From the records below, transcribe exactly the lines that begin at the line with "Ducha exterior de" and end at the line with "Một người dân", both included.

BEGIN Records shown

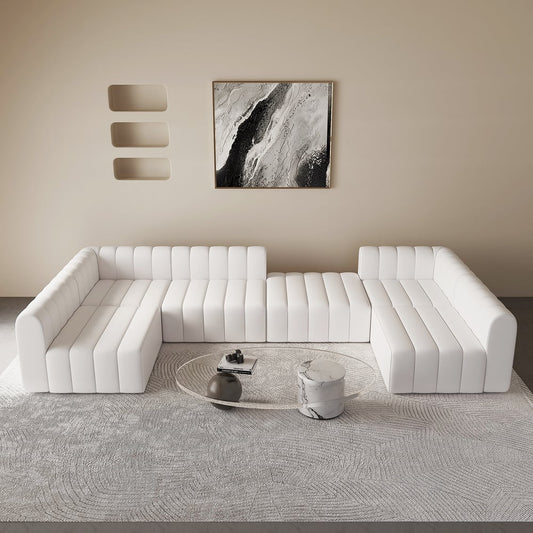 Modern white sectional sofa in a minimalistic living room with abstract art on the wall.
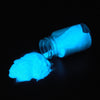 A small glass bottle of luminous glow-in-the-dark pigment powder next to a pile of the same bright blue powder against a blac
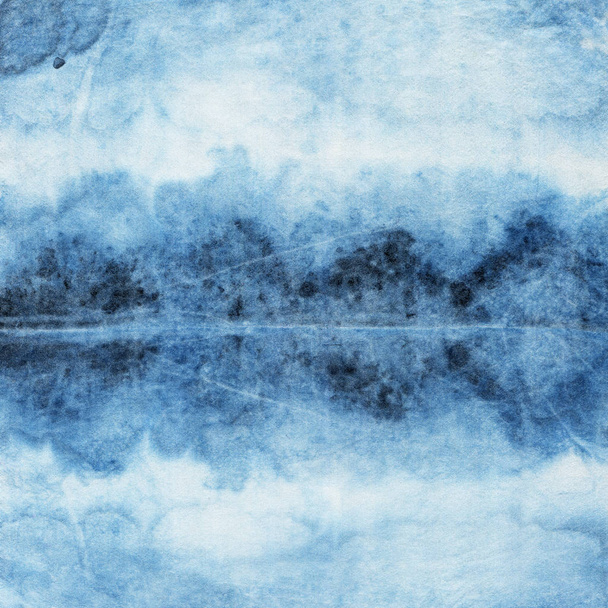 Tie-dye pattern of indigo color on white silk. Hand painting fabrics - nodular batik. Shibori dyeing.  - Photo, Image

END Records shown
BEGIN Records shown

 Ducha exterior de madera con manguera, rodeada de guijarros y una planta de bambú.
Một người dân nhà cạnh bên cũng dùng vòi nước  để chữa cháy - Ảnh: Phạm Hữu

END Records shown

» **Written solution**
 Ducha exterior de madera con manguera, rodeada de guijarros y una planta de bambú.
Một người dân nhà cạnh bên cũng dùng vòi nước  để chữa cháy - Ảnh: Phạm Hữu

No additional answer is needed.